To mark the 70th anniversary of the Partition of India, creating the country of Pakistan, and 150 years since the end of indentured labour in British colonies, a writer from Harrow has released a debut short story collection.

The anthology, Sugar, Sugar: Bitter-sweet Tales of Indian Migrant Workers, weaves a web of those who left the country 150 years ago and their descendants living in Britain.

Lainy Malkani, who grew up in Crouch End and went to school in Muswell Hill before moving to Stanmore, sought to learn about her heritage after her mother passed away, having already been aware of the fact that some family members had grown up on a sugar plantation in Guyana (formerly British Guiana).

“I grew up on a diet of amazing stories of the tropics and the adventures there,” Lainy explains. “But within that there was always conversations about what it was like and what the sugar estates were like, how hard the work was. I thought it would be nice to put things down on paper, but also to include other communities around the world.”

Lainy was the first in her family to be born in the UK. She is not sure exactly when her family moved from India to Guyana, but knows her grandmother was born in the Caribbean.

Her father was the first to move and then later her mother and sister, whom she met for the first time at the age of three.

“In indentured labour people signed up for a period of five years,” she explains. “There are two schools of thought, one is whether this is voluntary when you don’t really know what it will be like but then it is a huge departure from slavery of course, there were conditions of work and at the end of the five years they could return home.

“However it would have been expensive to keep bringing people over, for the plantation owners it would have been cheaper for them to retain those people. Some say they were tricked or pressured into staying, there’s a story in the book called Home, based in Fiji, which alludes to this.

“There’s nothing wrong with a contract, but it’s whether those terms are fulfilled and if the reality was very different, such as working hours without healthcare or adequate clothing. They lived in huts that were highly populated, food may not have been nutritious or limited. It was very difficult circumstances.”

Around one million people left India between 1838 and 1917 to work on sugar plantations around the world, Lainy wanted to know more about the kind of life her family and others led as indentured labourers. This led her to set up the Social History Hub in 2013 to bring the stories of ‘unsung heroes’ in society to life.

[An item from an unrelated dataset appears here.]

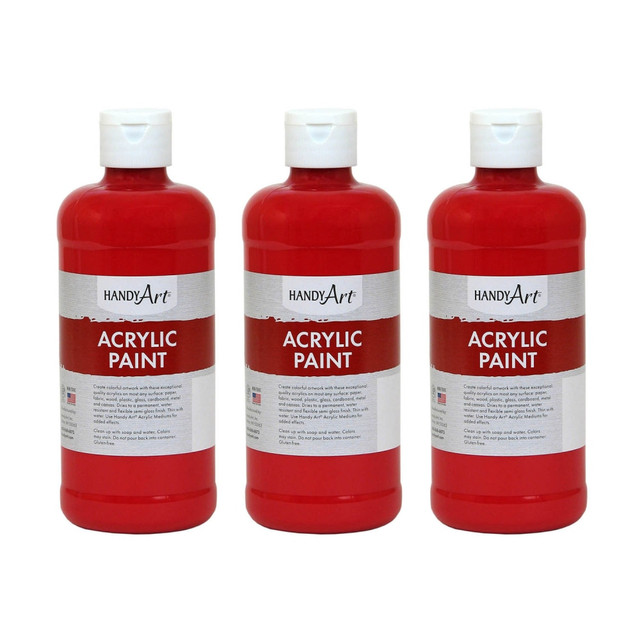 Decorate walls, canvases, mirrors and other surfaces with bright, vivid color using Handy Art Acrylic Paint. The water-based acrylic paint dries with a semi-gloss finish for an attractive appearance.  16 oz bottles are ideal for classroom and hobby use.  Water-based formula creates rich and durable colors.  Colors are water-resistant and have a flexible semi-gloss finish once dried.  Compatible with paper, fabric, wood, plastic, glass, cardboard, metal and canvas surfaces.  Non-toxic and AP certified formula.  Brite red color.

Lainy, a broadcast journalist, was spurred to write the collection after creating a two-part documentary for BBC Radio 4, Sugar, Saris and Green Bananas. Her work was influenced by historical documents recorded between 1838 and 1917 and the living memories of indentured workers.

One story she discovered in her research stood out to her more than most. “It was in documents from South Africa from 1885 to 1887,” she explained. “In documents you rarely find anything in first person, it’s usually plantation owners.

“I found 300 words of testimony telling the story of a heavily pregnant woman who went missing, she was gone for three days. When she returned she must have had the baby and then two days later a baby was found dead. I was really shocked, as a mum it was horrifying.”

The work has been published with HopeRoad, an organisation set up in 2012 that specialises in writing from and about Africa, Asia and the Caribbean.

Despite this being Lainy’s debut work, she hopes to delve deeper into the literary world by organising a literary festival in Harrow. She will be hosting an event called Sugar, Sugar at the British Library on August 16.